Segment Open

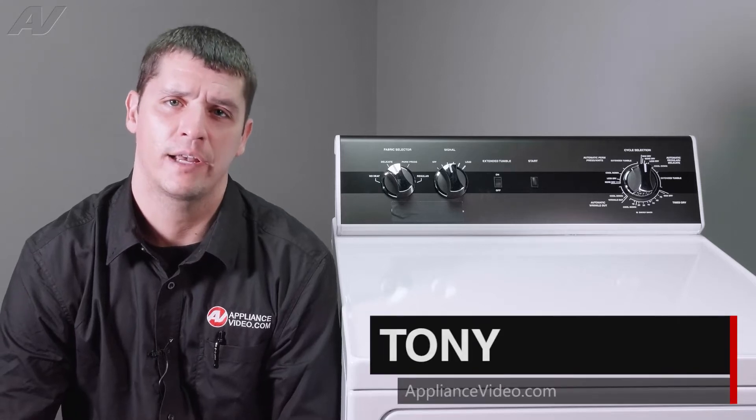Hi, I'm Tony with ApplianceVideo.com. Today we're taking a look at the cylinder belt on this Alliance Laundry Systems gas dryer.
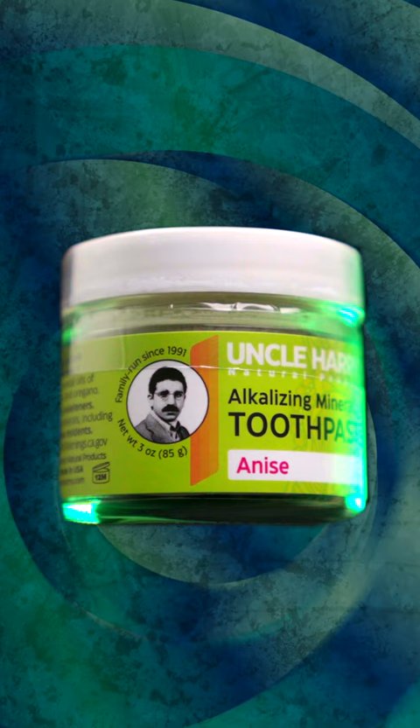The toothpaste comes in about five or six different flavors: peppermint, anise, which we've talked about, spearmint, and cinnamon. There's also a mild mint specifically to address what you talked about, which is that for some people, the peppermint's too strong.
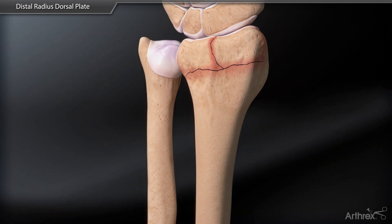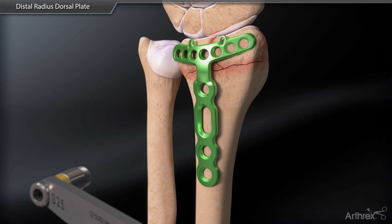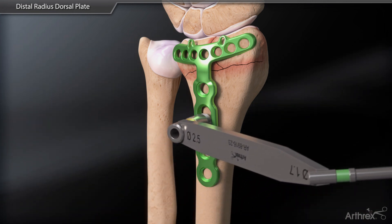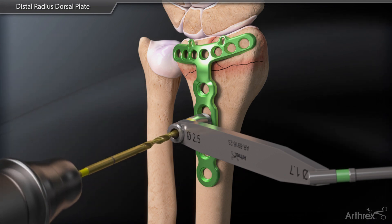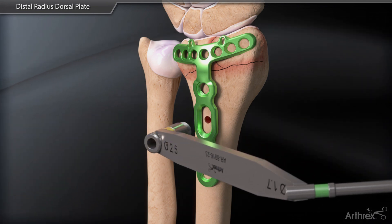Next, position the appropriately sized plate to capture the distal subchondral bone and insert a non-locking 3.5 mm screw into the oblong slot for provisional fixation using the drill, drill sleeve, and depth gauge.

Segment Closed

= Prompt =
Repeat the listing verbatim, pictures excluded.

= Output for this task =
Hi, I'm Tony with ApplianceVideo.com. Today we're taking a look at the cylinder belt on this Alliance Laundry Systems gas dryer.
The toothpaste comes in about five or six different flavors: peppermint, anise, which we've talked about, spearmint, and cinnamon. There's also a mild mint specifically to address what you talked about, which is that for some people, the peppermint's too strong.
Next, position the appropriately sized plate to capture the distal subchondral bone and insert a non-locking 3.5 mm screw into the oblong slot for provisional fixation using the drill, drill sleeve, and depth gauge.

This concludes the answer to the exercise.